■ **Input**:
........
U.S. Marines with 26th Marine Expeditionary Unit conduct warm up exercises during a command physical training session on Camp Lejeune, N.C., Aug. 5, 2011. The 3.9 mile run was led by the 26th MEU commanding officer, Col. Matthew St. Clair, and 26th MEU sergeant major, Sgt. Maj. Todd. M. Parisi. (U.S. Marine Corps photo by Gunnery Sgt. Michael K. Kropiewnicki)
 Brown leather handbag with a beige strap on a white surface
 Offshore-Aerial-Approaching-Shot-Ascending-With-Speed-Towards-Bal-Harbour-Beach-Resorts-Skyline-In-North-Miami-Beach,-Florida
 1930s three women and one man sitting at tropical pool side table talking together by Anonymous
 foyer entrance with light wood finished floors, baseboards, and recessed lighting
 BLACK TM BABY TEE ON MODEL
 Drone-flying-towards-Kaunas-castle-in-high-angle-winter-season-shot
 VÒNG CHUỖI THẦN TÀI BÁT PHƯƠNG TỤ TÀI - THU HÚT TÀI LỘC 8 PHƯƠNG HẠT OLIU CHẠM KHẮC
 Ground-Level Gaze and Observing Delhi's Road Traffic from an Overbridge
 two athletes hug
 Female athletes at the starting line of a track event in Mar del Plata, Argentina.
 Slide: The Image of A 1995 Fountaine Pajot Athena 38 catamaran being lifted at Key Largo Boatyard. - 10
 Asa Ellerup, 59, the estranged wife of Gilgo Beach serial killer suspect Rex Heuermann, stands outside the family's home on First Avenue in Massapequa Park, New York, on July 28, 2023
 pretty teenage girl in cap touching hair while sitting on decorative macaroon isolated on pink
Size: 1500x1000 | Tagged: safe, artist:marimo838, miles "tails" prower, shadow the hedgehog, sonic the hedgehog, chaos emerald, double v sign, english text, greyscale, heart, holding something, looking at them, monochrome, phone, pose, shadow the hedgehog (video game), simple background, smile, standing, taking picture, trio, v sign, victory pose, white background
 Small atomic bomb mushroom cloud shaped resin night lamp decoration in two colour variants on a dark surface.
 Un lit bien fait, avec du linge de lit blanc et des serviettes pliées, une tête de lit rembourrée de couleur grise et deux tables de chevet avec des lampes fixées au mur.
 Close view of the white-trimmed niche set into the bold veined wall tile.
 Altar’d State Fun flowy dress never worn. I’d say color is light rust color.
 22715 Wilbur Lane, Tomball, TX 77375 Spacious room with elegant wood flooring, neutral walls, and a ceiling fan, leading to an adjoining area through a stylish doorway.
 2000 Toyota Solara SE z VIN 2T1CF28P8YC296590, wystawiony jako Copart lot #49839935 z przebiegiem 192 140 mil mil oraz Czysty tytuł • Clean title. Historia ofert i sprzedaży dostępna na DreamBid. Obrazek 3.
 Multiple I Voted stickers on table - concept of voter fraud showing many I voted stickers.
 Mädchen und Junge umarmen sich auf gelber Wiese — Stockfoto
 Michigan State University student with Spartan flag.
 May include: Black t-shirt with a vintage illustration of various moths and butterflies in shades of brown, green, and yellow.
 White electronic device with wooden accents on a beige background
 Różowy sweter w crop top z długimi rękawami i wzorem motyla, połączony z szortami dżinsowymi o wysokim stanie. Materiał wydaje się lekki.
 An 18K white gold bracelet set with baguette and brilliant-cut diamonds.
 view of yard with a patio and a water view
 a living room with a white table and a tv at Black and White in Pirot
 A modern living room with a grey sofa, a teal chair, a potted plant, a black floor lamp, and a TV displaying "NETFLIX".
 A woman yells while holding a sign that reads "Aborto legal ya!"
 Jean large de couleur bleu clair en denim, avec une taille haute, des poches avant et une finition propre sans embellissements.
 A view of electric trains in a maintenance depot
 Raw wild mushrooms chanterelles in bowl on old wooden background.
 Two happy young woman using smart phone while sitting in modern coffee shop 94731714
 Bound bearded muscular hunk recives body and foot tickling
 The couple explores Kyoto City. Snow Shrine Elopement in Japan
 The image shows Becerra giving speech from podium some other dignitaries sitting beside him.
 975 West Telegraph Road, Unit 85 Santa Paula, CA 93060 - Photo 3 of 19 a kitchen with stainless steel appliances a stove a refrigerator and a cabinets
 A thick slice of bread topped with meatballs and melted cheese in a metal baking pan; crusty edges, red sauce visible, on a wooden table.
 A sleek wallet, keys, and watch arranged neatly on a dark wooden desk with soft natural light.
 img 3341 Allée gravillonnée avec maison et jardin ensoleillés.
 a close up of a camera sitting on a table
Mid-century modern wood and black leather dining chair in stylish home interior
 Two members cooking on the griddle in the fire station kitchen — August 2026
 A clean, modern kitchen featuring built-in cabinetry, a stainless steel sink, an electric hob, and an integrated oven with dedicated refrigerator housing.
........
■ **Work instructions**: The reply should consist solely of the lines above from the one that has "foyer entrance with" through the one that has "Multiple I Voted", reproduced exactly.

■ **Answer section**:
 foyer entrance with light wood finished floors, baseboards, and recessed lighting
 BLACK TM BABY TEE ON MODEL
 Drone-flying-towards-Kaunas-castle-in-high-angle-winter-season-shot
 VÒNG CHUỖI THẦN TÀI BÁT PHƯƠNG TỤ TÀI - THU HÚT TÀI LỘC 8 PHƯƠNG HẠT OLIU CHẠM KHẮC
 Ground-Level Gaze and Observing Delhi's Road Traffic from an Overbridge
 two athletes hug
 Female athletes at the starting line of a track event in Mar del Plata, Argentina.
 Slide: The Image of A 1995 Fountaine Pajot Athena 38 catamaran being lifted at Key Largo Boatyard. - 10
 Asa Ellerup, 59, the estranged wife of Gilgo Beach serial killer suspect Rex Heuermann, stands outside the family's home on First Avenue in Massapequa Park, New York, on July 28, 2023
 pretty teenage girl in cap touching hair while sitting on decorative macaroon isolated on pink
Size: 1500x1000 | Tagged: safe, artist:marimo838, miles "tails" prower, shadow the hedgehog, sonic the hedgehog, chaos emerald, double v sign, english text, greyscale, heart, holding something, looking at them, monochrome, phone, pose, shadow the hedgehog (video game), simple background, smile, standing, taking picture, trio, v sign, victory pose, white background
 Small atomic bomb mushroom cloud shaped resin night lamp decoration in two colour variants on a dark surface.
 Un lit bien fait, avec du linge de lit blanc et des serviettes pliées, une tête de lit rembourrée de couleur grise et deux tables de chevet avec des lampes fixées au mur.
 Close view of the white-trimmed niche set into the bold veined wall tile.
 Altar’d State Fun flowy dress never worn. I’d say color is light rust color.
 22715 Wilbur Lane, Tomball, TX 77375 Spacious room with elegant wood flooring, neutral walls, and a ceiling fan, leading to an adjoining area through a stylish doorway.
 2000 Toyota Solara SE z VIN 2T1CF28P8YC296590, wystawiony jako Copart lot #49839935 z przebiegiem 192 140 mil mil oraz Czysty tytuł • Clean title. Historia ofert i sprzedaży dostępna na DreamBid. Obrazek 3.
 Multiple I Voted stickers on table - concept of voter fraud showing many I voted stickers.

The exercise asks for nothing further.